One reflection after another. Each time growing more distorted, more diluted, more of a caricature.

*click* *whzzz*

“I…am…Draculéa. And I bid you welcome Mister Harker to my house.”

*click* The Count’s ghost-pale hand clenched slowly about the remote.

Children…of de niiight. Vhat a mess dey make!”

Dracula’s fingers squeezed, cracking the plastic.

Allow me to re-introduce myself. I am Count...Vladislaus…Dragoolya.”

*click*

"Vun apple! Two apple! THREE APPLE!! Vlah ah ahh!"

Finally, the remote control gave way, crushed to powder in the vampire’s iron-strong grip. He dropped it in his lap and sat staring at the television.

Joker, Poison Ivy, and Harley Quinn watched the Count’s stunned, blank face with bated breath. Whole minutes passed; Harley’s face was slowly turning blue from lack of oxygen. Still, Dracula didn’t move.

“…”

Lugosi, Carradine, Shreck, Lee, Oldman, Langella, Palance, Kinski, Roxburgh, Hamilton, Nielsen, the names and the faces - all claiming to be his - lay etched into the covers of the DVD collection scattered over the pillows around him. Decades of emulation, of glorification, of mockery.

“Count?” Ivy whispered in the silence, hesitant to break it.

“…heh.”

“I think he’s upset about the hair-buttocks.” Harley murmured in Joker’s ear.

“…heh…hm hm hmh.” Dracula lowered his head into his lap, and they couldn’t tell if he was actually about to break down in tears until they heard the muffled chuckling.

“Uh oh.”

Dracula threw his head back and peals of bitter, self-mocking laughter broke from his throat, to echo through the midnight sky.

“Heh,” chuckled the Joker, “I like him more already.”
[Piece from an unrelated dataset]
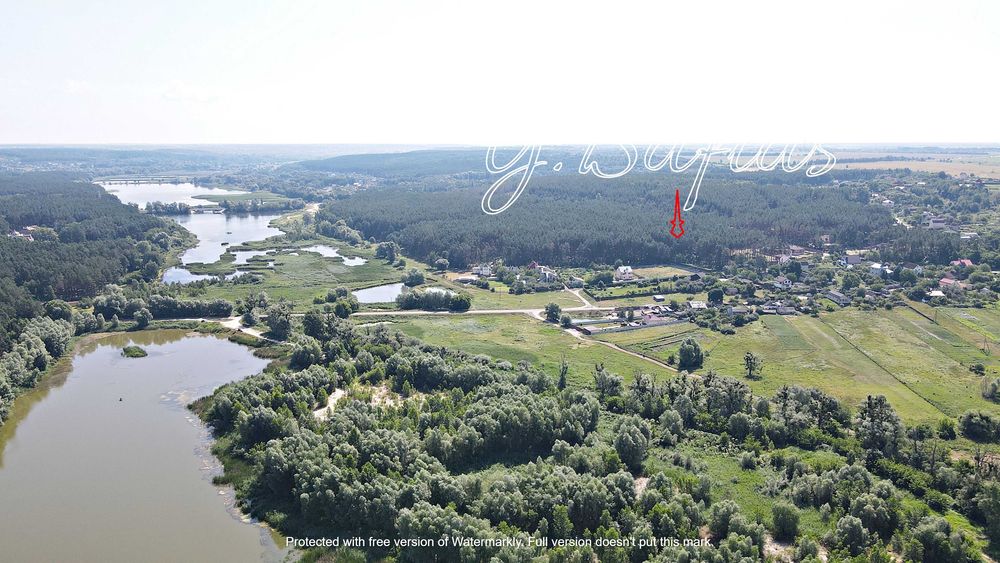 Одеський шлях. В. Салтанівка. Ділянка в сосновому лісі 25 с.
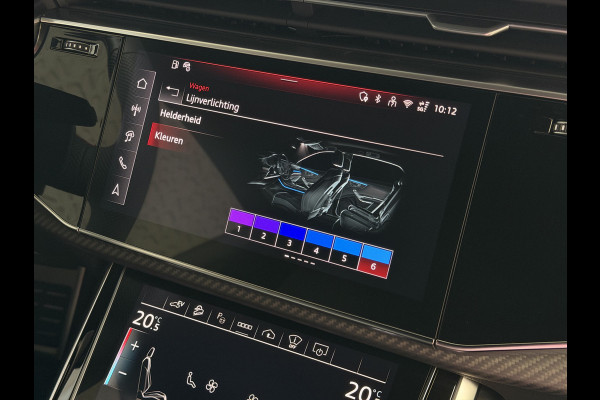 Audi Q8 60 TFSI E COMPETITION PLUS LUCHTVERING SOFT.CLOSE 23''LMV B&O ACHTERAS.BST VALCONA LEER TREKHAAK HEADUP CARBON.INT MATRIX/LASER NIEUWE ONGEBRUIKTE AUTO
Jonathan Crane sat in the dark, fingers twitching, staring down a fat, juicy black rat he had spent the past half hour patiently luring out of the hole in the wall with a sample of Danesti’s wholemeal grain.

He could claim it was an experiment. Yes, that was it. A final test, even though they already knew the modifications had been a success. Oh the Master would be furious if he saw Crane risking exposure of their best-laid plan like this. But it wasn’t his fault! It was that rat, watching Crane as he worked like that, with those beady little eyes and that sleek, furry black body so ripe and full of rich, red, delicious life.

Yes, the little bastard had it coming, and as soon as he took a nibble at the grain, he wouldn’t even care about Crane’s fingers around his neck.

Crane.

The evening lacked a punctuating flash of lightning, but Jonathan paused and widened his eyes anyway, slippery-sliding to his feet and turning to face the giant caped silhouette looming behind him. He tried – very hard – to seem like a dangerous criminal confronting a crimefighter and not a teenager trying to hide a porn magazine he’d just been caught reading, but with the rat behind him and all it could spoil, the latter image certainly sprang to mind.

“Batman! What a perfectly pleasant shock you are. Welcome to my laboratory.” Crane gave a deep bow, which would’ve looked far more disturbing had he been wearing his Scarecrow garb and not a simple white lab coat.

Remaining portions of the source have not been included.